9
«Леннар, Леннар, — думала Энтолинера, потягивая вино, — как… КАК можно разговаривать с Храмом?… Каллиера, бедный Каллиера, — всколыхнулось в голове, — сложно представить, что все это могло произойти с нами. Наваждение… морок? Нет, в самом деле. Мы в самом деле видели все это: огромный корабль, плывущий в Великой пустоте, бархатная тьма… Академия, Обращенные… Инара, женщина Леннара, которую он не любит, ее глупая святая ревность… Наверное, я стала старше по меньшей мере вдвое. За несколько дней или даже за несколько часов!.. Почему мне вдруг вспоминается старый безобидный пьяница, отец, отец?… Почему я жалею Каллиеру, Томиана, глупых фрейлин и даже свою спальную кошку, черный клубочек с лимонными глазами, ласково мурлычущий и каждое утро трогающий меня лапкой за нос: вставай, хозяйка?! Город, в конвульсии бьющийся под ногами? Город, мой город, опускающийся в ночь, и не стать бы этой ночи последней?… Почему, почему так жаль, и нет злобы, нет ненависти, и все так отчетливо, горько, что даже этот толстый Гаар на мгновение кажется не страшным, не грозящим смертью чудовищем, а — старым обрюзглым мужчиной с тройным подбородком, со своими жалкими слабостями, достойными сочувствия? Почему, почему я такая сейчас?…»

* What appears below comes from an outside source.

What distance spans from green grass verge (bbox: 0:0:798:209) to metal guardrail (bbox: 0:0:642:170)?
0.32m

И с резкой, черно-белой обнаженностью и ясностью она вдруг осознала, что весь этот мирок, придворная чинная жизнь по укладу, ритуальные приемы, церемонные поклоны знати, роскошные тени садов и терпкий, с солнечными брызгами сока аромат апельсина — все это закрутится бешеным водоворотом, уйдет в черную пучину, став чем-то маленьким и незначительным, словно и не было никогда. Война, война!..
…Если бы тут был Леннар, он сказал бы ей: нет, не война с Храмом ему нужна!.. Война бесполезно расточает силы и мутит разум, а ведь так много нужно сделать — собравшись с этими силами и этим разумом! Война уводит в сторону от истинных целей, которые ставят перед собой Обращенные, и потому нужна не война, а согласие или хотя бы нейтралитет ордена Ревнителей и Храма!
Ничего этого не осознавала пока что королева.
Поздним вечером Энтолинера долго сидела перед окном спальни, глядя в сады. И эти сады по периметру ограды, и весь дворец, и сторожевые башенки у парадных ворот были напичканы гвардейцами Каллиеры. Альд вызвал всех, кто на этот момент находился в Ланкарнаке. Прибывший во дворец дополнительный гвардейский полк, укомплектованный отборными воинами, одним своим видом разогнал толпу, скопившуюся на площади. Колонны гвардии шли одна за другой: четкий, несокрушимый строй, синие мундиры, перетянутые белыми ремнями, высокие шапки, лица спокойные и сосредоточенные, оружие — палаши и пики — на изготовку. Толпа начала редеть и вскоре рассосалась, пролившись бурными потоками по окрестным улицам.
Громада Храма, поднимающаяся от последних ступеней Королевской лестницы, безмолвствовала. Конечно, Ревнители и жрецы Благолепия прекрасно видели, что к королевскому дворцу подходит гвардия и вливается в открытые ворота колонна за колонной. Скачут конные курьеры, огромный дворец похож на растревоженный улей, пылают окна, десятки тысяч свечей тают и ярко умирают в стенах резиденции Энтолинеры.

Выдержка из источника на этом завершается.